Las palabras del director de la OMS representaron un giro de 180° en la postura del organismo, que tras concluir la primera fase de su investigación sobre el origen del Covid-19, había calificado como "muy improbable" que este se hallara en un laboratorio de Wuhan.
Pero a esa conclusión se había llegado tras una pesquisa llevada a cabo en conjunto con las autoridades chinas.

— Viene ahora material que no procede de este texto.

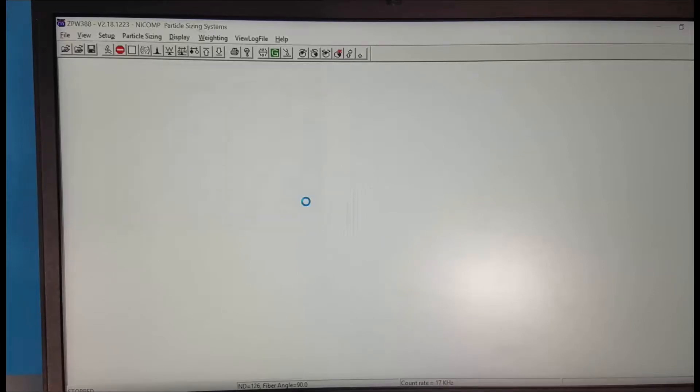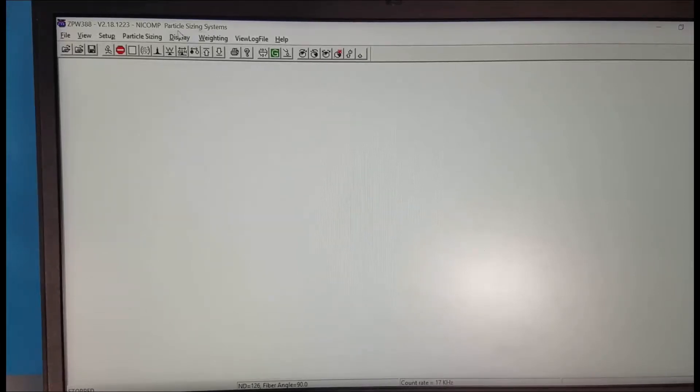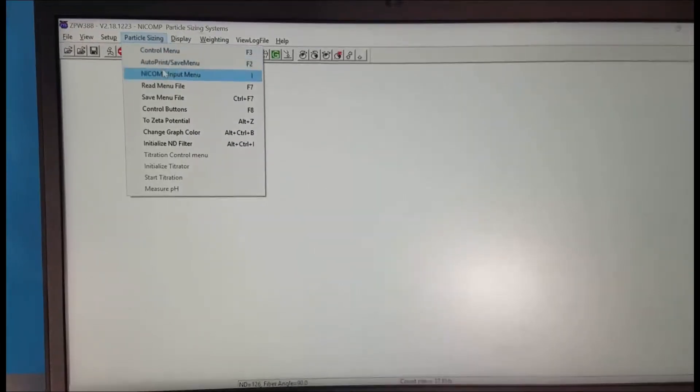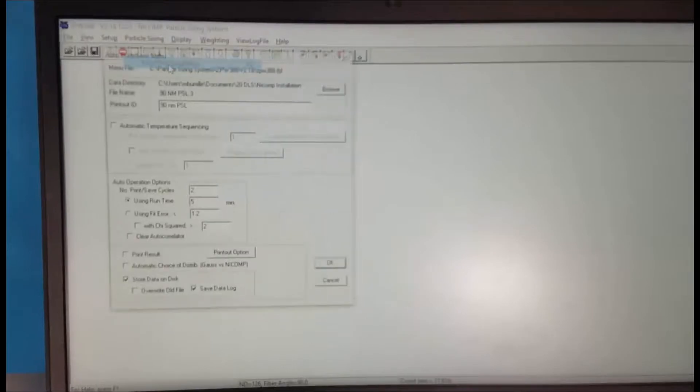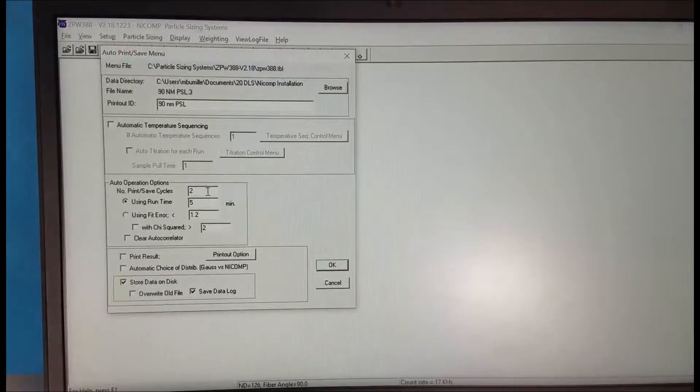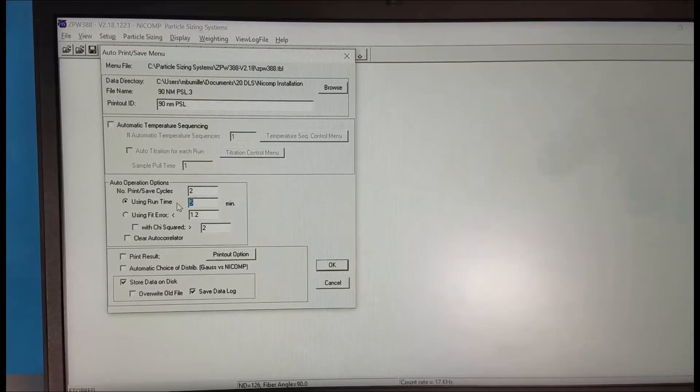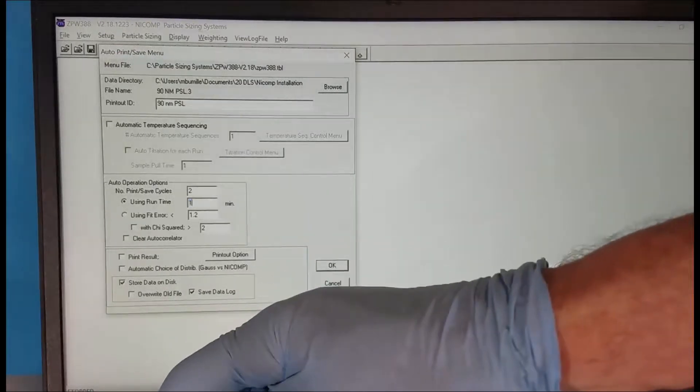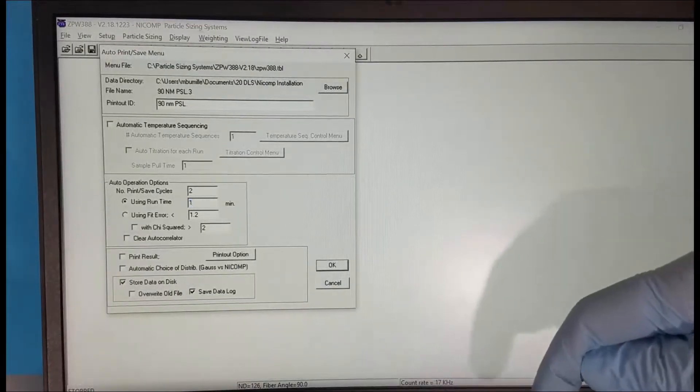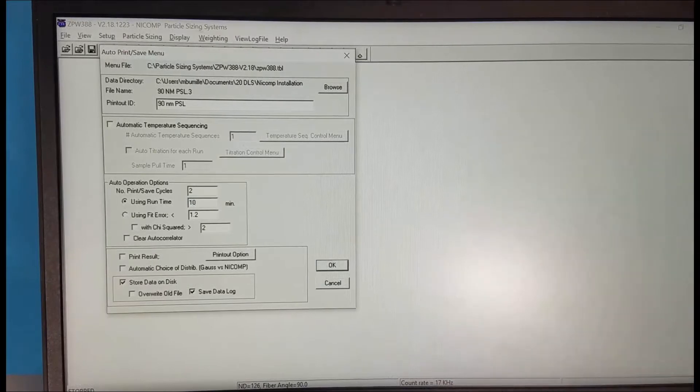We'll click OK and then under particle sizing the second menu down auto print save menu. This is where we enter the printout ID, how long we're going to take the measurement, how many measurements.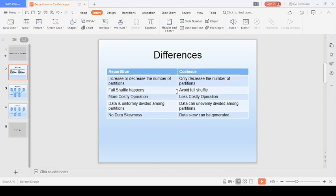Another question I've been asked: if you have four partitions and you write df.coalesce(8), will it give an error or increase the number of partitions? The answer is neither — it will not throw an error, nor will it increase the number of partitions. Nothing will happen; you will still have only four partitions. You can try this on the Spark shell.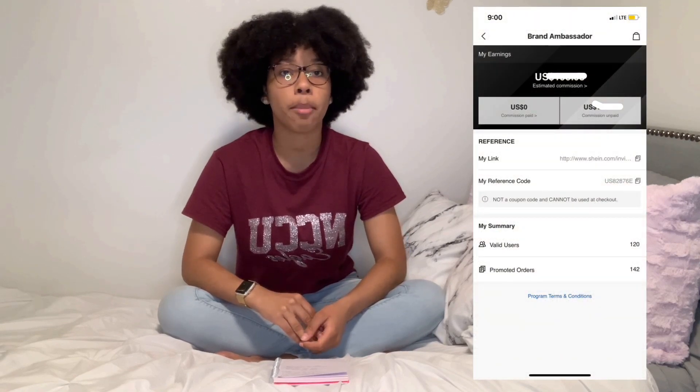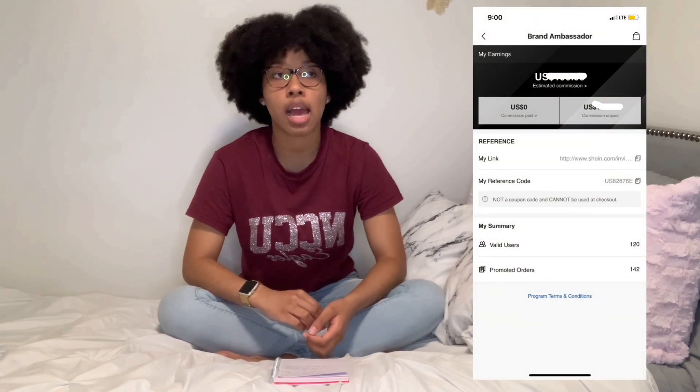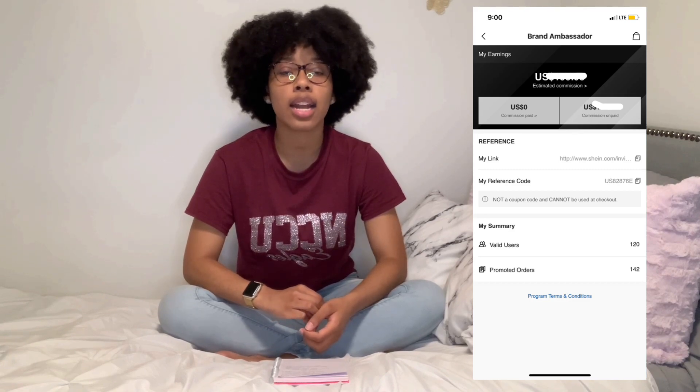When you become an ambassador, you get a referral link and a reference code. Everyone can go to your link to connect their account to yours, or manually enter the code. You're trying to get as many people as possible to create a new account and link it to yours. Your dashboard shows how many users you have, how many promoted orders, and how much commission you've made. Note: it's not just new users — if someone like my sister links her existing SHEIN account to mine, that counts as a user but not a new user.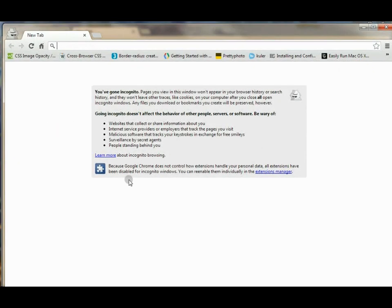And what that will do is say you've gone incognito, and pages you view in this window won't appear in your browser history or search history. They also won't leave other traces like cookies on your computer.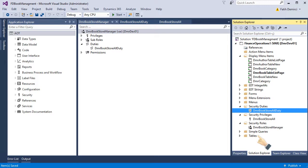It's enough for a developer to do this much. Probably some consultant or security admin will give a proper role to a proper user. As a developer, you should create at least these objects for security.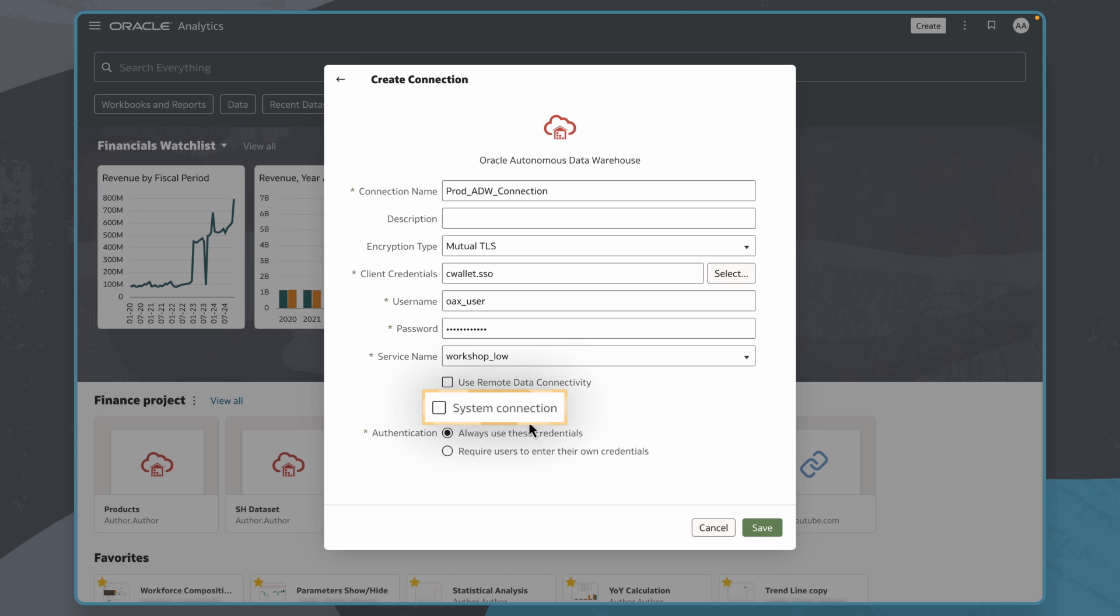I can also check this box and make this a system connection, which enables me to create semantic models based off the data in the connection. In this case, I don't need to make a system connection, so I'll leave this as it is.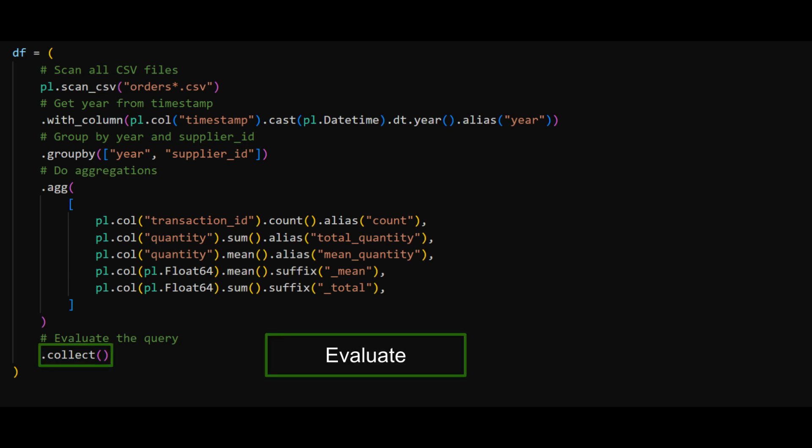Secondly, we add a collect statement here at the end. The collect statement tells Polars to evaluate this lazy query. However, Polars would still try to load all of the data into memory.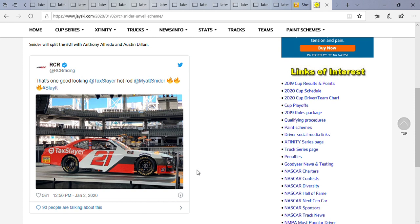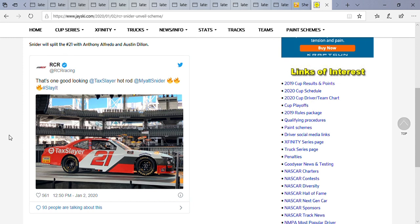That being TaxSlayer. And if you look at the top, he'll be splitting the car with not just Anthony Alfredo but with Austin Dillon as well. This is the only image I have. There will be more in the coming days or coming weeks.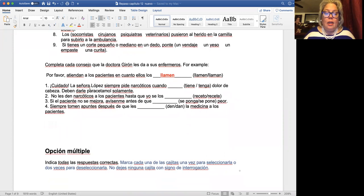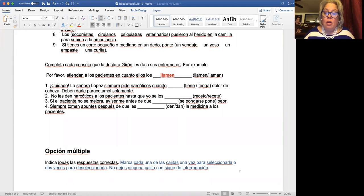Number one is atypical. It says: be careful — 'la señora López siempre pide narcóticos cuando...' — 'siempre' means that it's something habitual. So because it is something habitual, you have 'cuando' here. If 'cuando' is referring to something habitual, you're going to go for the present indicative. But if 'cuando' is related to the future, then you're going to use the subjunctive. Here 'siempre' tells you that it's habitual and repetitive, so you go for the present indicative: 'cuando tiene' — which is the present indicative — 'cuando tiene dolor de cabeza.'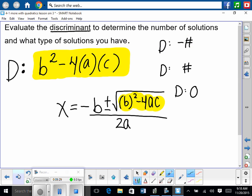Next thing. So now the next part we didn't get to, but we are going to get to it now. It says: evaluate the discriminant to determine the number of solutions and what type of solutions you have. The discriminant is just a small piece of the quadratic formula, and it tells us a lot about the number and type of solutions. The discriminant is B squared minus 4 times A times C.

Los críticos de la investigación consideran que dado que la OMS no tiene la capacidad de obligar a China a cooperar y entregar acceso a todos los documentos, lugares e información pertinentes, con transparencia absoluta, es baladí que el organismo se dedique a estudiar el origen del Covid-19: no va a poder hallar la verdad.
Ahora, en medio de esta disputa geopolítica por hallar el origen del Covid-19, el patógeno ha reaparecido allá donde apareció por primera vez: Wuhan.
Las autoridades pidieron que se respeten las medidas de seguridad, entre ellas: el uso de mascarilla en público, el distanciamiento y el lavado frecuente de manos.
China registró el domingo otros 98 casos de coronavirus, lo que actualiza el máximo diario de 2021, con la variante Delta, que ya alcanzó una veintena de ciudades y alentó a las autoridades locales, entre ellas a las de Beijing a adoptar un paquete de medidas, que incluye el aplazamiento de la apertura de escuelas.